TASK INSTRUCTIONS
Your copy of the data should leave out the images and match everything else exactly.

DATA SHOWN
----
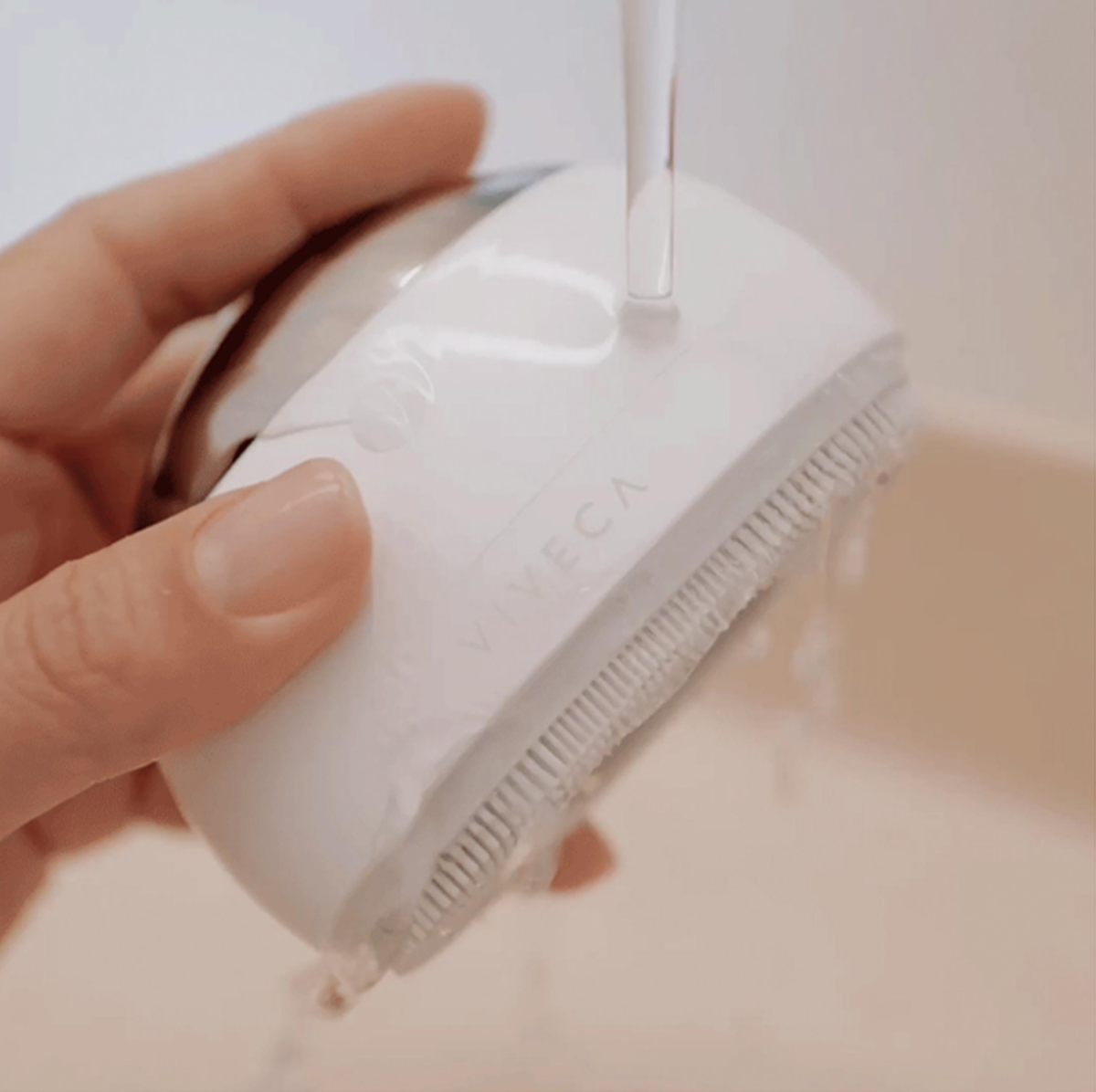 Viveca Ultrasonic Vibrating Cleanser / | eBay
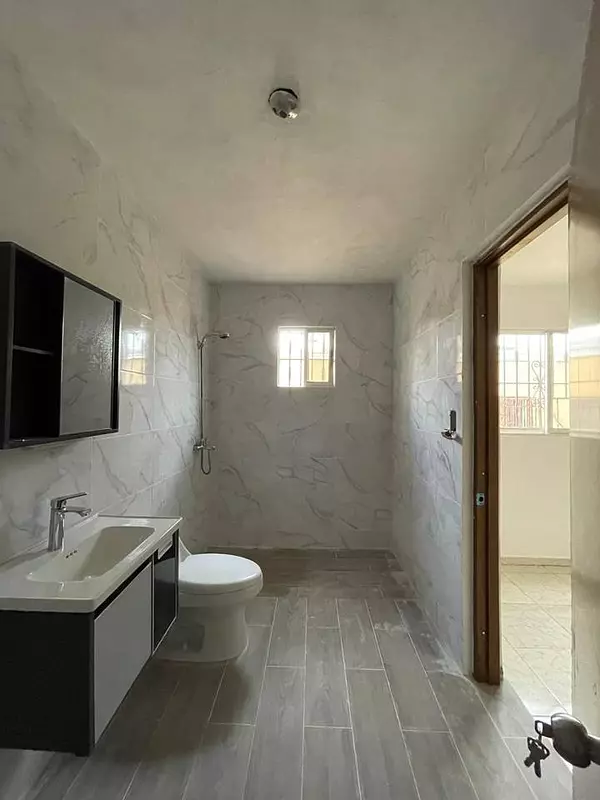casas - Casa de dos niveles los rosales 9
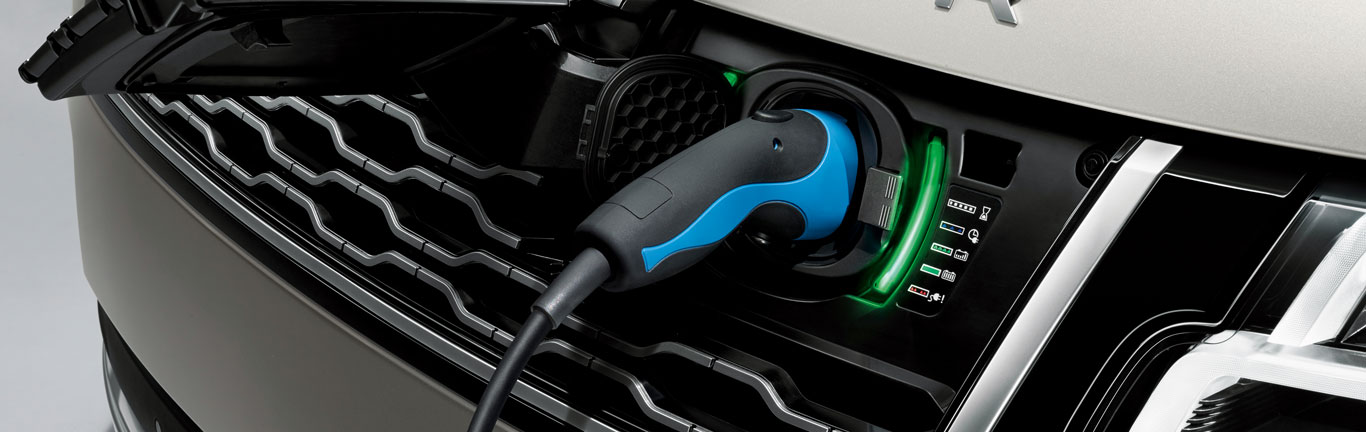 Plugsurfing makes charging easier for electric and hybrid owners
----
TASK ANSWER
 Viveca Ultrasonic Vibrating Cleanser / | eBay
casas - Casa de dos niveles los rosales 9
 Plugsurfing makes charging easier for electric and hybrid owners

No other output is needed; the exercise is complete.